A delightful twist on baked eggplant, topped with cheese and marinara sauce for a flavorful and satisfying dish.
Slice the eggplants into 1/4-inch thick rounds.
Uniform slices ensure even cooking.
Place the slices on a cooling rack and sprinkle both sides with salt. Let them sit for 30 minutes to draw out moisture.
This step helps reduce bitterness and improves texture.
Preheat your oven to 425°F (220°C).
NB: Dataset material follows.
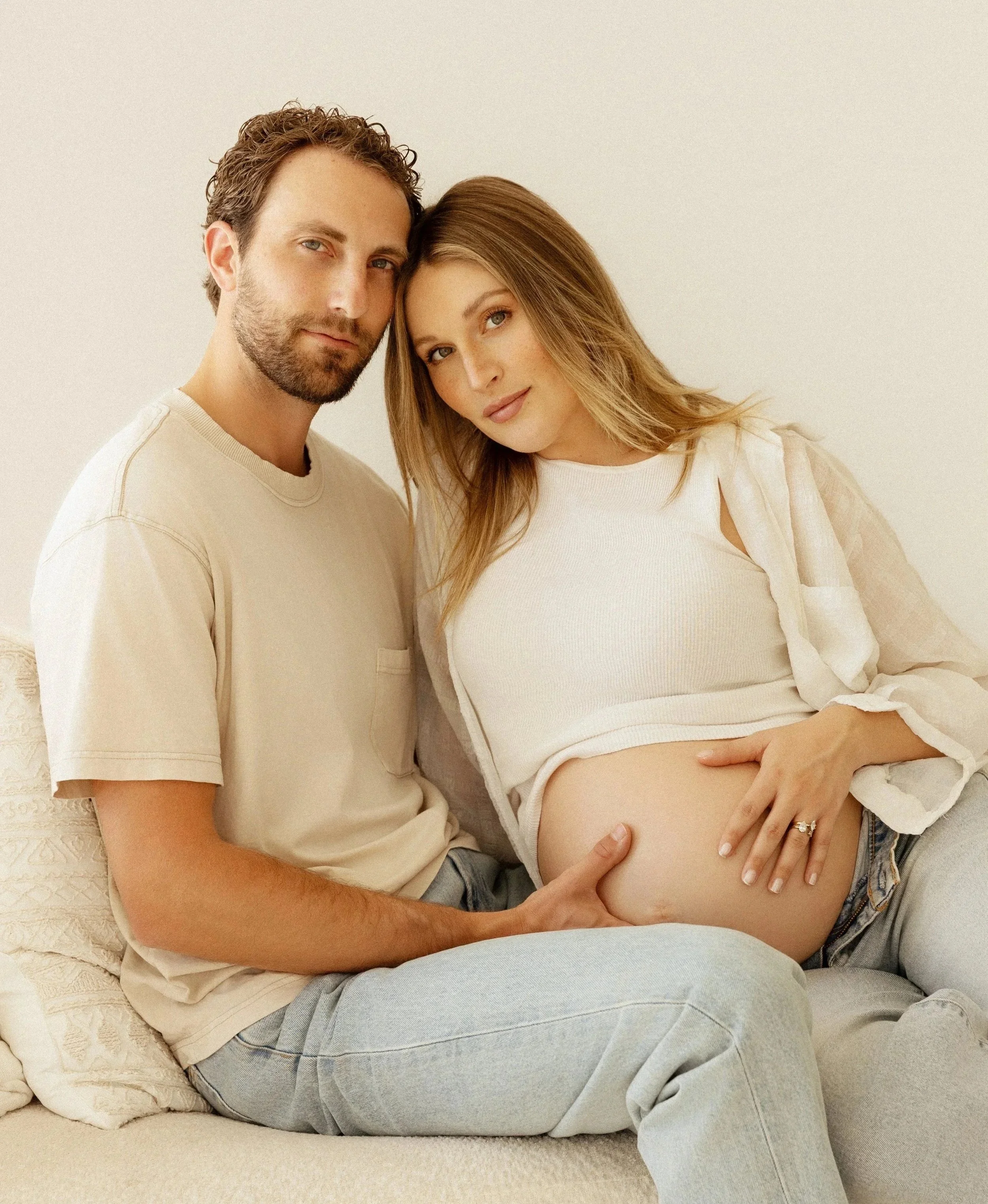 Pregnant couple holding baby bump during a Southern California maternity photography session serving the Inland Empire, Orange County, and Los Angeles County.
Line a baking sheet with parchment paper.
Using parchment paper prevents sticking and makes cleanup easier.
Pat the eggplant slices dry with a paper towel to remove excess moisture.
Removing moisture ensures the eggplant bakes properly.
Arrange the slices on the prepared baking sheet. Bake for 10 minutes on each side until slightly golden.
Flip the slices halfway through for even baking.
Remove the baking sheet from the oven. Top each slice with marinara sauce, mozzarella cheese, and Parmesan cheese.
Spread the sauce evenly for consistent flavor.
Return the baking sheet to the oven and bake for an additional 10 minutes, or until the cheese is melted and bubbly.
Keep an eye on the cheese to avoid over-browning.
Serve the baked eggplant rounds warm. Enjoy!
Garnish with fresh basil for a pop of color and flavor.